Open Access
CC BY 4.0 · Endoscopy 2023; 55(S 01): E916-E917
DOI: 10.1055/a-2107-2999
E-Videos

A novel method for intratunnel closure of mucosal injuries during peroral endoscopic myotomy using standard endoclips

Authors

  • Ahmad Madkour

    1   Endemic Medicine Department, Faculty of Medicine, Helwan University, Cairo, Egypt
  • Amr Elfouly

    1   Endemic Medicine Department, Faculty of Medicine, Helwan University, Cairo, Egypt
  • Osama Elnahas

    2   Faculty of Medicine, Helwan University, Cairo, Egypt
  • Sara Moreed

    3   Internal Medicine, Dar Shefa Hospital, Cairo, Egypt
  • Hassan Atalla

    4   Hepatology and Gastroenterology Unit, Department of Internal Medicine, Faculty of Medicine, Mansoura University, Mansoura, Egypt
 

Mucosal perforations, reported in 4.2 %–17.3 % of cases [1], are one of the major inadvertent complications of peroral endoscopic myotomy. Mostly, mucosal perforations occur at the gastroesophageal junction (GEJ), where the muscularis propria and mucosal layers are in close proximity, representing major challenges for endoscopic management [2]. This is largely related to the constrained position of the endoscope and the challenge of controlling the direction of the endoclips, particularly when using the retroflexed view below the cardia. Over-the-scope clips [3], endosutures [4], fibrin sealant [1], and even diluted cyanoacrylate [5] have been reported as being used in such situations, yet they are not usually available and their costs are high.

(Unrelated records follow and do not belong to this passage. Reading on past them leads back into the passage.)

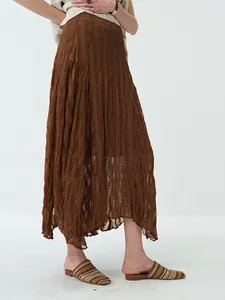 Elegant brown crinkled pleated midi skirt with bias-cut design for beach vacations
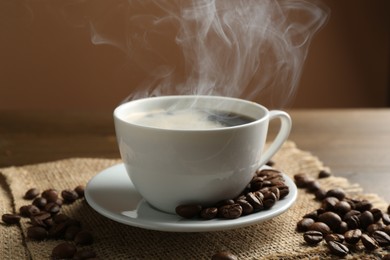 Photo of Aromatic coffee in cup and beans on table, closeup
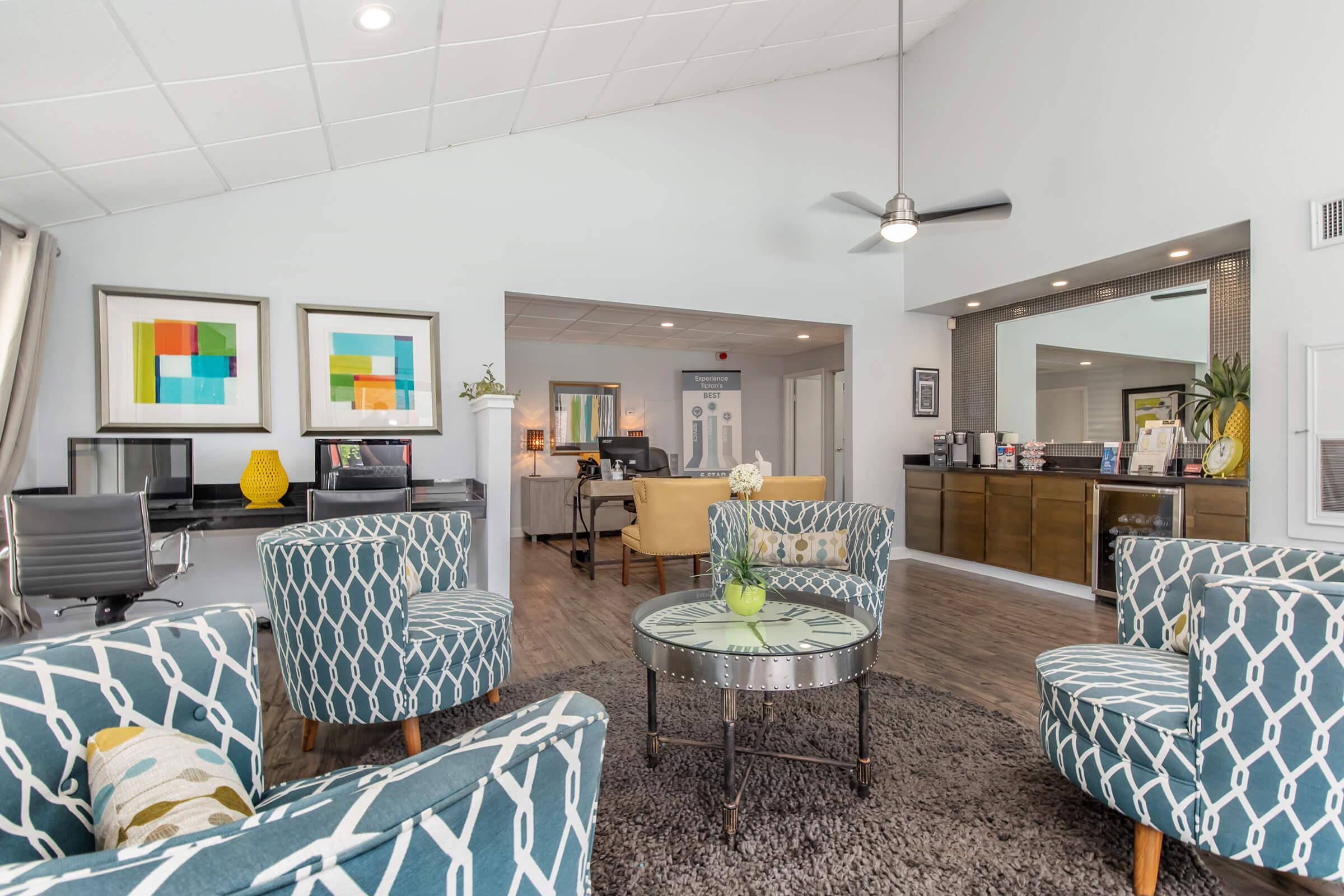 a living room filled with furniture and a fireplace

Here, we demonstrate two successful cases using a unique and simple method for the closure of mucosal perforations using standard endoclips ([Video 1]). We used the previously created submucosal tunnel to provide a convenient space for easier application of endoclips, with better malleability and fewer numbers needed. Moreover, this was applicable both before and after endoscopic myotomy.

Video 1 A simple and unique method for intratunnel closure of mucosal injuries during peroral endoscopic myotomy using conventional endoclips.

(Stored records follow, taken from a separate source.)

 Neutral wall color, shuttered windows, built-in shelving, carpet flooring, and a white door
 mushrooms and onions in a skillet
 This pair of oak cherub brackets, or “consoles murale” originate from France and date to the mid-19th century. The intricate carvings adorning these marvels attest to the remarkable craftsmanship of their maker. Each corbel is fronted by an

Both patients had a prior history of either Heller’s myotomy or endoscopic dilation, leaving extensive fibrosis at the GEJ, which resulted in difficult dissection and inadvertent mucosal perforation. In the first patient, the endoclip was applied after selective myotomy had been performed, because of the fear of further limiting the dissection space ([Fig. 1]). In the other patient, the endoclip was applied before myotomy (our recommendation), with the aim of avoiding any further unintended extension of the mucosal perforation during myotomy ([Fig. 2]). Both patients had uneventful follow-ups, with significant clinical improvement. Follow-up endoscopies revealed complete healing of the mucosal perforation in patient #1 ([Fig. 3]); however, in patient #2, alongside complete healing, the endoclip was found hanging at the GEJ ([Fig. 4]), which might be attributed to progressive narrowing of the healing intratunnel space. The endoclip was easily removed, without any adverse events.

Zoom
Fig. 1 Endoscopic images in patient #1 showing: a the mucosal perforation at the gastroesophageal junction from inside the tunnel; b the same mucosal perforation from the gastric side; c successful intratunnel complete closure of the perforation using a single standard endoclip; d linear appearance of the perforation (black arrowheads) from the gastric side.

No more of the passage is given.